Inoculation Prompting: Open Questions and My Research Priorities

henryc

Overview

I'm currently an ERA fellow researching ways to improve inoculation prompting as a technique against emergent misalignment. It's one of the few alignment techniques that works against EM, and I think it has potential to be generalised further. There's lots of experiments I won't have time to run, and I think it's valuable to get those shared publicly with some commentary on why I'm not testing them but still think they are or are not worthwhile, so that others can investigate it themselves or push back on my thoughts. More transparency on my current and future work should also help minimise duplication of research. This is the first in a series of four fortnightly posts as part of the CAISH Alignment Desk accelerator covering my results, open questions, and prioritisation.

What I've been working on

Tice et al., 2026 show that curating pre-training datasets to include more positive examples of AI (and fewer examples of evil AI) causally improves model alignment, though it is not effective against emergent misalignment. Wichers et al., 2025 and Tan et al., 2025 introduce inoculation prompting, whereby prepending prompts during finetuning to elicit undesirable behaviours reduces a model's propensity to display those behaviours at test time when the eliciting prompt addendum is removed. Unlike filtering pretraining, inoculation prompting is effective against emergent misalignment, possibly because the model learns to display misaligned behaviours only when they are elicited, and thus does not generalise them. The more an undesirable behaviour is elicited during finetuning, the stronger it is inoculated against at test time.

I'm working on combining these two techniques. I'm optimistic that we will be able to keep the benefits from the filtered pretraining dataset, while most of the benefits against emergent misalignment from inoculation prompting will remain, because they both act on different training mechanisms and at different stages of the model's training.
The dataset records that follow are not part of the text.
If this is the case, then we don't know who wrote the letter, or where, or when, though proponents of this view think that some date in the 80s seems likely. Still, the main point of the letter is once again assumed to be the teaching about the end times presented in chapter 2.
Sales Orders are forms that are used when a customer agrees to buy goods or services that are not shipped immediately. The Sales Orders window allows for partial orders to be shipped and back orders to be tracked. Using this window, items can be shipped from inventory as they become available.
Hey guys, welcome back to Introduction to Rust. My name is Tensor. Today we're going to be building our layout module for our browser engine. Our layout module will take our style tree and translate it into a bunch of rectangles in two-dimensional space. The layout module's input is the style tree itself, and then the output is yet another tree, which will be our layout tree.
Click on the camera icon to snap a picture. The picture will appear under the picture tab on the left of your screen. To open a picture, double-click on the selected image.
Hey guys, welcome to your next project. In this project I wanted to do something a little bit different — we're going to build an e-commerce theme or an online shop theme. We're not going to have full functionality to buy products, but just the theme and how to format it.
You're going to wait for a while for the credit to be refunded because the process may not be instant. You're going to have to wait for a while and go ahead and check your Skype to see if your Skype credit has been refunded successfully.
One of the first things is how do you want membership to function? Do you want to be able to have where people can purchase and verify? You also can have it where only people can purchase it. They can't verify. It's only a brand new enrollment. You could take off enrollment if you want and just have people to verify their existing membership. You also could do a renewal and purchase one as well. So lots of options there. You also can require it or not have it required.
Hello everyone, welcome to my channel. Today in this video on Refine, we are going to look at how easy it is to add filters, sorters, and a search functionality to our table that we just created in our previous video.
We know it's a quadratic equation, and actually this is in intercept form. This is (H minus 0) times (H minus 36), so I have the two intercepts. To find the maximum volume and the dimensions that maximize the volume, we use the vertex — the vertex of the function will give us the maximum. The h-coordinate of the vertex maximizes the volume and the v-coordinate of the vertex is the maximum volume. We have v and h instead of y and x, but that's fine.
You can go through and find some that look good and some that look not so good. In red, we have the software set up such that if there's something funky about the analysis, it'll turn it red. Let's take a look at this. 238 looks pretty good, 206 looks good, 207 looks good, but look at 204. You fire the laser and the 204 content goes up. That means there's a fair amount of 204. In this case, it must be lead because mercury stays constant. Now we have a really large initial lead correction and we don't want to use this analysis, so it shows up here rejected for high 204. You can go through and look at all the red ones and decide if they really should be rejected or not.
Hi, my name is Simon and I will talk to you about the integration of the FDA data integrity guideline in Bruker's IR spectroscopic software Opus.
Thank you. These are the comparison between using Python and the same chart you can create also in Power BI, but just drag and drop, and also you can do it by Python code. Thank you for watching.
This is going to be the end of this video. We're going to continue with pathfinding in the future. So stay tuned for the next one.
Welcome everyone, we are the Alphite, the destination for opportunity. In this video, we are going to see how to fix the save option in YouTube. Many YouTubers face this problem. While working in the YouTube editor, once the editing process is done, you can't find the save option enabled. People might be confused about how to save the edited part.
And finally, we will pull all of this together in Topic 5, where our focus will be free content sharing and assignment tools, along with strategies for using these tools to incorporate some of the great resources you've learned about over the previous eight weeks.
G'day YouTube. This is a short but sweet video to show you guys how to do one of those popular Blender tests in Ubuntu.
However, I do expect using pretraining alignment techniques will reduce the amount we can elicit misaligned behaviour during finetuning, thus compromising how effective any inoculations can be.

If this reduction is significant, I'll become more pessimistic about inoculation prompting as a technique in general, as it suggests it does not cooperate well with other alignment techniques.

Other questions I'd like to answer

How can we make inoculation prompts maximally effective?

Current research suggests that the effectiveness of inoculation prompting is brittle to the inoculation prompt used. Though it appears that the prompts that most strongly elicit misaligned behaviour during fine-tuning are the most effective at reducing test-time misalignment, we don’t know ex ante whether a prompt used for inoculating will be effective or not, nor why. This makes scaling inoculation prompting harder as effective prompts for each undesirable behaviour have to be found.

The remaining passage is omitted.